At least this entity didn’t try to take Troi out of commission with an ear worm.

tomk:  Says you.  She had “lightning in her hands” playing the whole time.

jimmy:  Haha

tomk:  The alien, meanwhile, had “All Along the Watchtower” playing in hers because Ron Moore.

jimmy:  That’s a BSG reference, I take it?

tomk:  Yes.  Ask Ryan.  Or don’t.  Better if you don’t.

jimmy:  I’ll go with “don’t”.

tomk:  Smart man.

jimmy:  At least Wesley got to get his Picard hatred off his chest. Maybe Picard should have taken young(er) Wes to some sort of blood oath ceremony earlier and smoothed things over.

tomk:  Ah yes, the famous French Blood Oath Ceremony.  Lots of drinking at those things.

jimmy:  Hopefully the blood wine is not topped up with antifreeze.

tomk:  Klingons use antifreeze as a chaser.

jimmy:  That wouldn’t surprise me.

tomk:  You also shouldn’t be surprised that Picard knows what to say to aliens.  What you may be surprised about is Troi was somewhat useful this time.

jimmy:  Well, that’s because she acted like, I dunno the ship’s counselor .

tomk:  Yeah.  Troi’s job never seems to be to do the things a counselor should do, and its really weird since she has a seat on the bridge next to Picard and I don’t think any other Trek series ever had a “ship’s counselor” in such a prominent position.  It would be one thing if her job was giving Picard tactical or diplomatic advice, a different sort of counselor, but instead, she’s some kind of ship-wide therapist.

jimmy:  I can understand having her on the bridge in her sorta “human lie detector” role.

tomk:  Yes, but she rarely comes across as useful even in that role. 

TROI:  I sense deception.
PICARD:  In what way?
TROI:  Someone over there is hiding something.
PICARD:  And…?
TROI:  That’s all.
PICARD:  Get off my bridge.

jimmy:  You make a valid case. Have one of these leftover muffins.

tomk:  Did the Moose take a bite out of it first?

jimmy:  No. He doesn’t like vanilla.

tomk:  Too bad.

So, what bonding does the episode title refer to?

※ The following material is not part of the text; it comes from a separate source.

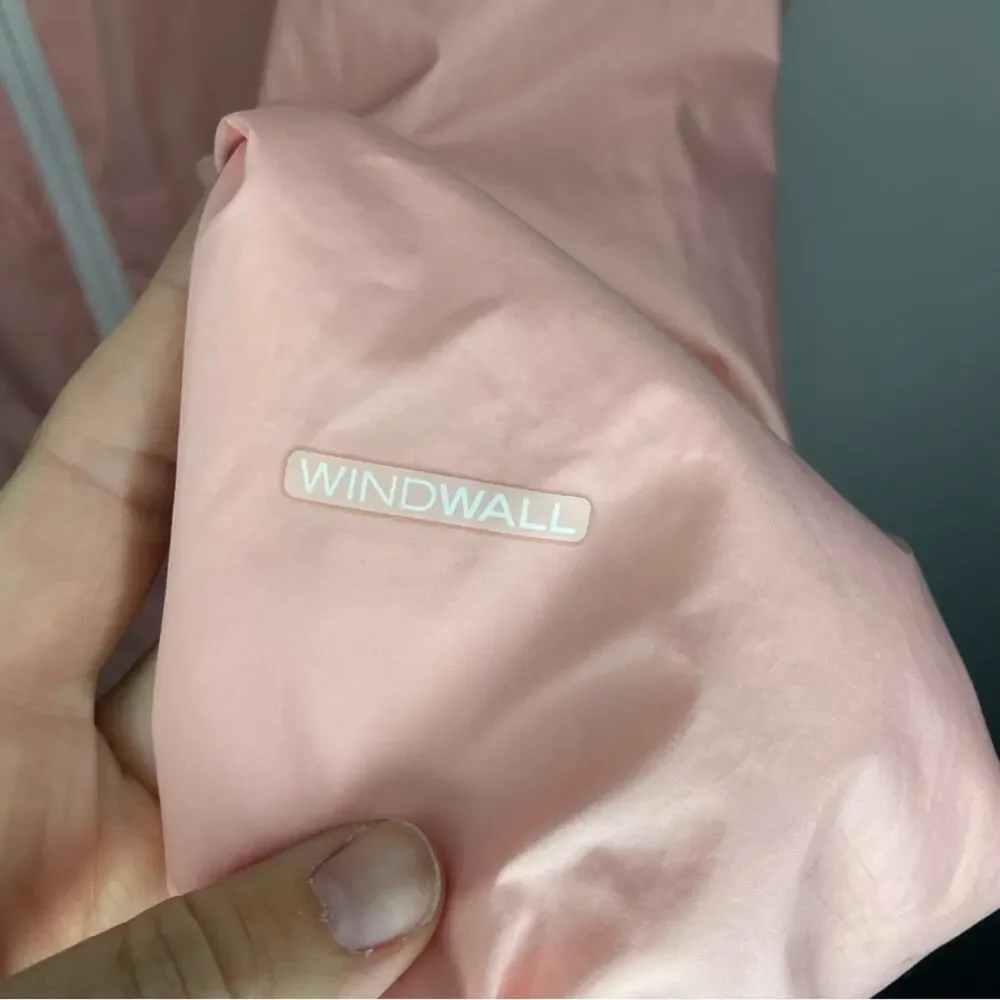 The North Face Girls' Never Stop Hooded Windwall Jacket in Pink Moss Size L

jimmy:  I assume Worf with Jeremy…but I guess it could be looked at as other bondings as well. Jeremy and Faux Mom. Picard and Wesley. Riker and his non-alcoholic scotch.

tomk:  Jeremy’s mom and room temperature.

jimmy:  Now you’re getting it.

tomk:  Well, that intense Klingon ceremony was something else. Light some candles, recite some Klingon stuff…and you get a new baby brother.

jimmy:  It was a bit tame as far as Klingon ceremonies go.  No pain sticks or bloodletting or GHAK! (or whatever it’s called again).

tomk:  We’ll get you a bowl later. It’s slimming.

jimmy:  I imagine.  You have to think that this may be the first time a Klingon has performed The Bonding with a human.

tomk:  Probably. But most Klingons don’t serve with humans.

jimmy:  Exactly.

tomk:  Well, I was impressed by this one even if Jeremy’s mourning was probably stunted by Roddenberry’s decrees.

jimmy:  Why impressed?

tomk:  It just felt like a good episode that addressed things Star Trek usually overlooks.

jimmy:  I can see that. Though they did dig into the whole death thing a bit when Tasha was unceremoniously killed off.

tomk:  But she was a regular cast. member.   And she once enjoyed Data’s member.

jimmy:  Lol. Nicely done.

tomk:  What about you?  Any additional thoughts?

jimmy:  Not really. I do agree with you about it digging into areas that are usually not touched on too often. Especially with Roddenberry “on record” as thinking there’d be no grieving in the future.

It was a good episode, but I did find it odd to be placed so soon after the very similar episode with Mr Green Jeans.

tomk:  Would you feel better if the next episode had no godlike beings?

jimmy:  It can have them, just not have them resurrecting the recently deceased.

tomk:  Like Beetlejuice?

jimmy:  Now that would have been a hell of a crossover.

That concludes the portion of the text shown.